Mesmo quando estamos sabendo que uma vida pode se extinguir a qualquer momento, nunca estamos 100% preparados para a perda.

Meu avô viveu 95 anos, estava em estágio terminal de câncer e mesmo assim, saber que ele se foi não ficou mais fácil. Não exatamente pelo fato de ele ter morrido, mas pelas complicações de lidar com as emoções e reações de todas as pessoas próximas dele. É duro ver quem você nunca sequer viu se emocionar, simplesmente desmoronar na sua frente.

Mas depois de passar por outra perda traumática recentemente, eu coloquei na minha cabeça que, dessa vez, eu não iria chorar. Eu ia ser a pessoa que estaria lá para apoiar quem chorasse. Eu seria o que o meu avô passou para mim através do meu sobrenome... eu seria a rocha.



E o motivo disso é muito simples: eu não tenho nenhuma memória ruim do meu avô. Eu não tenho lágrimas para derramar de nenhum momento que passei com ele. Ele pode ter sido rígido com os filhos, mas com os netos, era somente alegria. Não me lembro de ver meu avô um dia sequer de mau-humor.

Eu chegava na casa dele e sempre era recebida do mesmo jeito. Ele me via e falava "Juliete, minha neta! Brilhando cada vez mais!" Ele nunca me chamou pelo nome, sempre fui a Juliete. Aliás, meu avô chamava quase todos os filhos e netos por apelidos.

Da minha casa (eu sou vizinha da casa dos meus avós) escutava ele todo dia de manhã caminhando pelo quintal, assobiando com os passarinhos que ele tanto gostava.
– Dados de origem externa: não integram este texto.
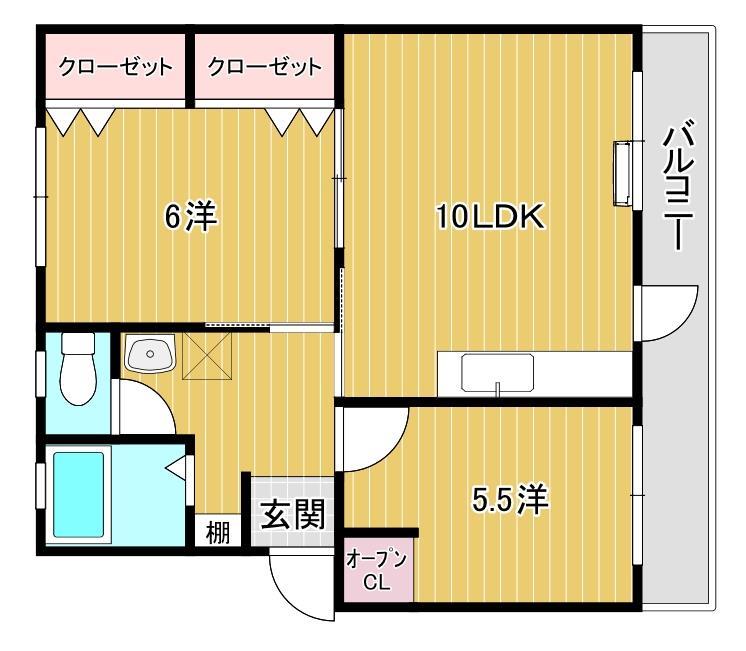 メゾンドロワールの間取り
No dia do enterro, estava cheio de pássaros cantando enquanto ele era sepultado, como se tivessem vindo especialmente para dar adeus.

Todo aniversário, natal ou data festiva, ele comprava uma caixa de bombons Garoto para cada filho e neto. Na minha, ele digitava o nome na máquina de escrever, colava em uma etiqueta e me dava de presente. É impossível eu ver uma caixa de chocolates amarelinha e não me lembrar dele.
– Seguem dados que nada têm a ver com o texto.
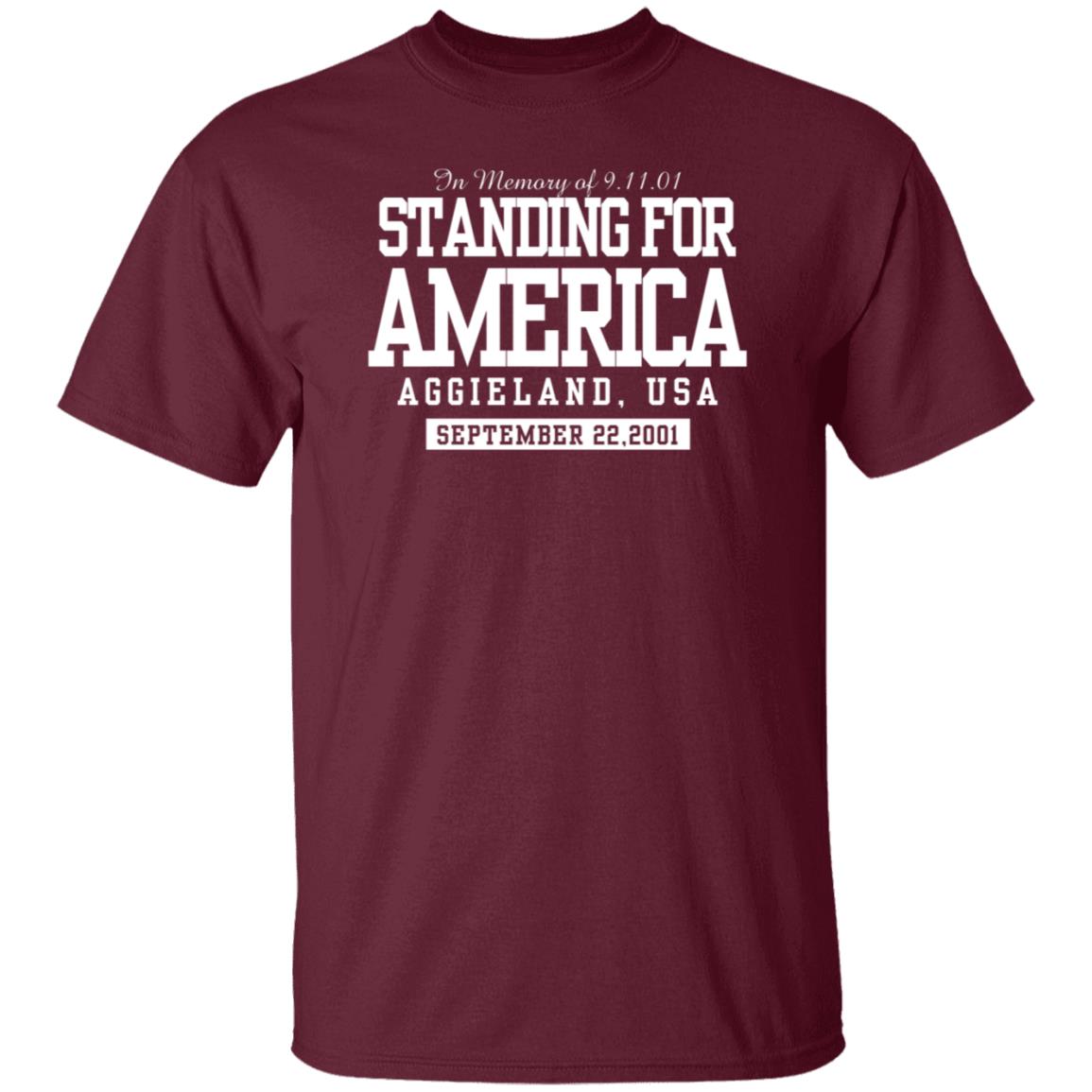 Texas A&M Standing For America Shirt Standing For America Aggieland Usa Shirt - Teechipus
Todos os dias ele ia na banca de jornal, comprar o Estado de Minas do dia. Eu sempre me perguntei por que ele nunca assinou o jornal. Ele dizia que na banca podia conversar com os amigos.
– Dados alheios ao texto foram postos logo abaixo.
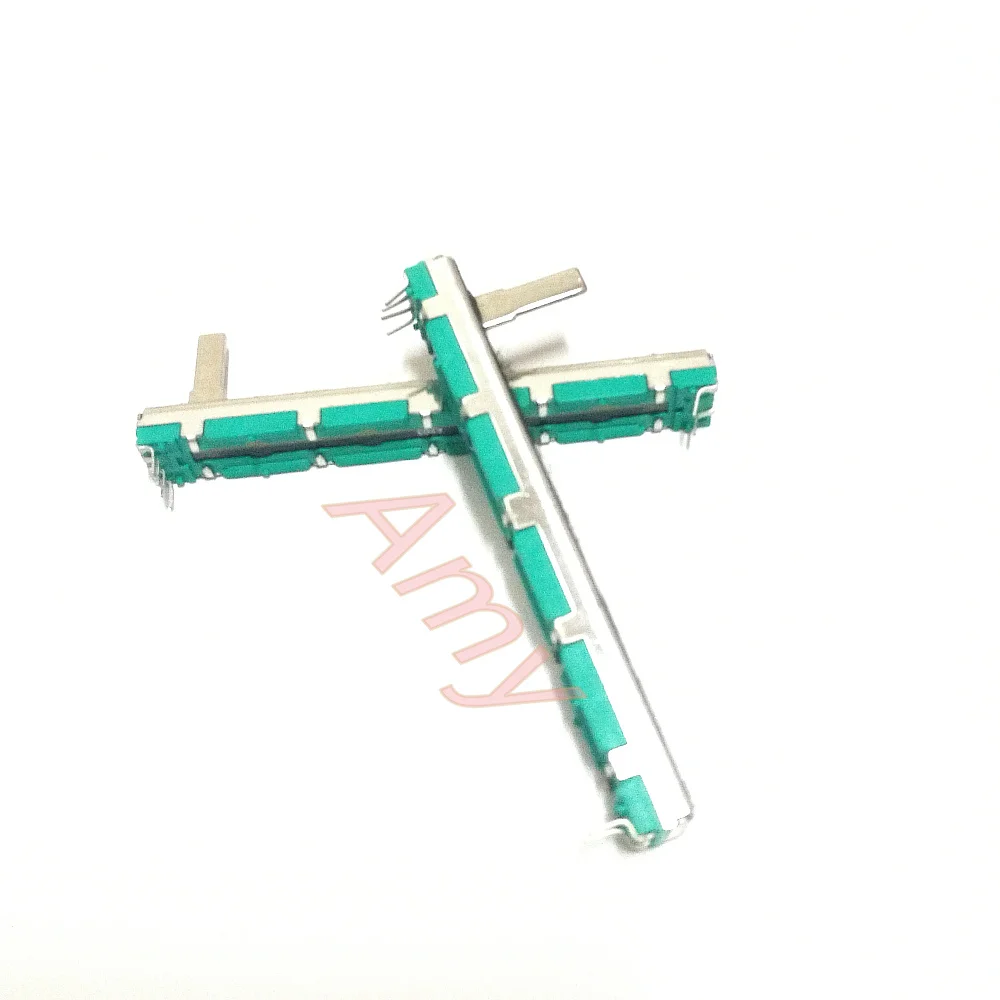 Mixer fader 75mm A20K slide potentiometer 2 channel A203 handle 15MM high volume faderin Switch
São tantas coisas pequenas e simples, mas que sempre vão estar ligadas à memória dele pra mim. E vão me fazer sorrir, nunca chorar.

Descanse em paz, vovô Rocha.

Comentários

  1. A tua história me fez lembrar da minha, eu também tive um avô muito bacana, que também morreu de câncer. Eu tinha 16 anos quando ele se foi, e também não chorei. Minha mãe ficou desolada, e eu, a única parente que sobrou, tinha que ficar em pé pra manter em pé a minha mãe, e pra manter em pé também uma melhor amiga no colegial, que na época queria se suicidar. Força estranha essa, que a gente tira sabe deus da onde pra se levantar e ainda carregar os outros...acho que a gente é mulher forte, Ju!

    E sempre que eu comer mel, ou estudar idiomas estrangeiros, sentirei um pouco do meu avô perto de mim.